> _The problem_
With the pictures left out, restate exactly the part below that opens with the line containing "1 habitación, tabla" and closes with the line containing "Den walisiske debutant".

> _Data section_

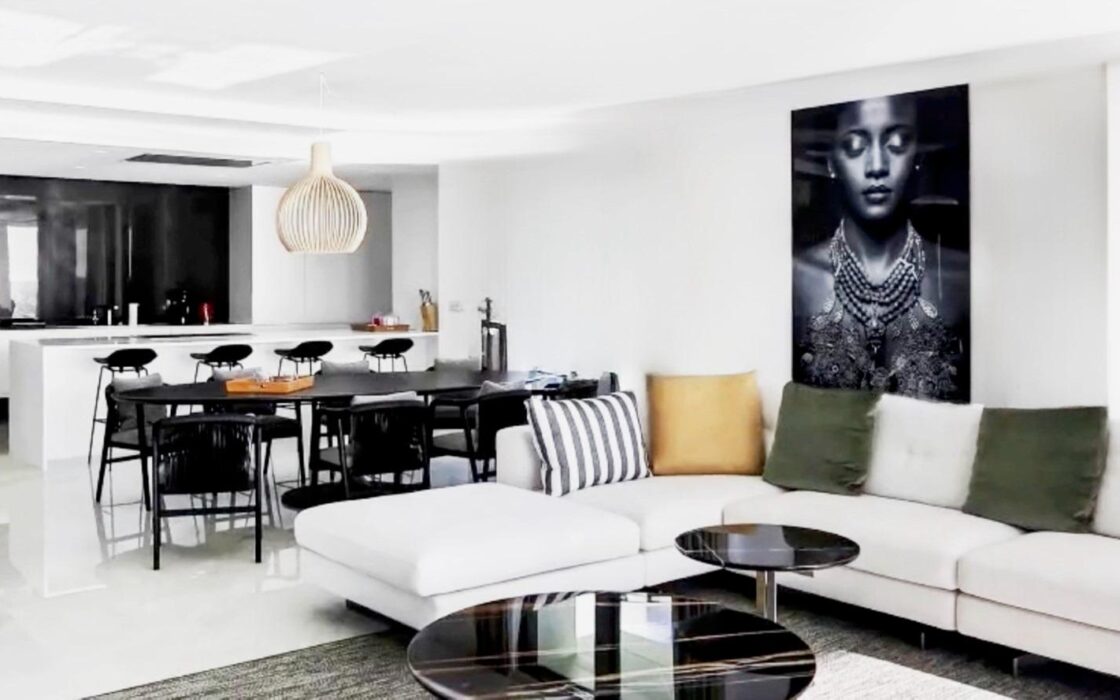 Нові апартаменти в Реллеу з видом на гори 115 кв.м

--

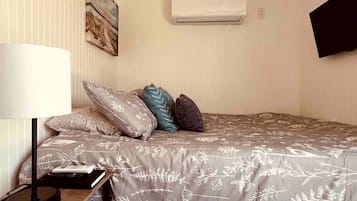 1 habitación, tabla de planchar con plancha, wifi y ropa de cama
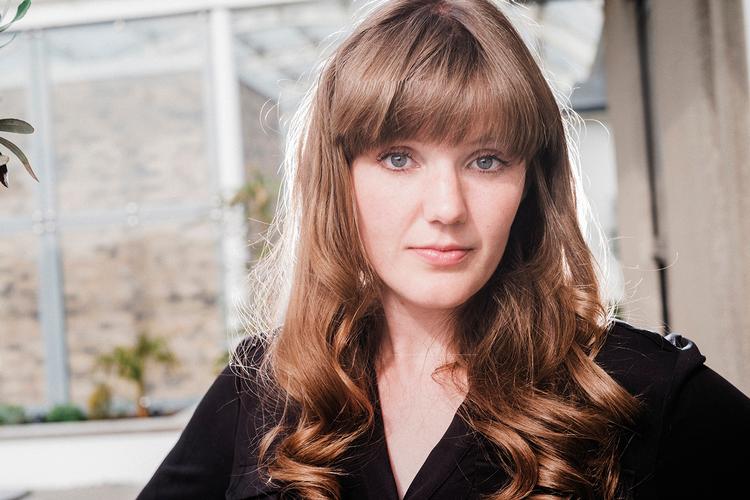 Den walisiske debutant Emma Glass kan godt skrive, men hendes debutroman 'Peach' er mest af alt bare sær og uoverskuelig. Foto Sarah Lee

> _Response_
 1 habitación, tabla de planchar con plancha, wifi y ropa de cama
 Den walisiske debutant Emma Glass kan godt skrive, men hendes debutroman 'Peach' er mest af alt bare sær og uoverskuelig. Foto Sarah Lee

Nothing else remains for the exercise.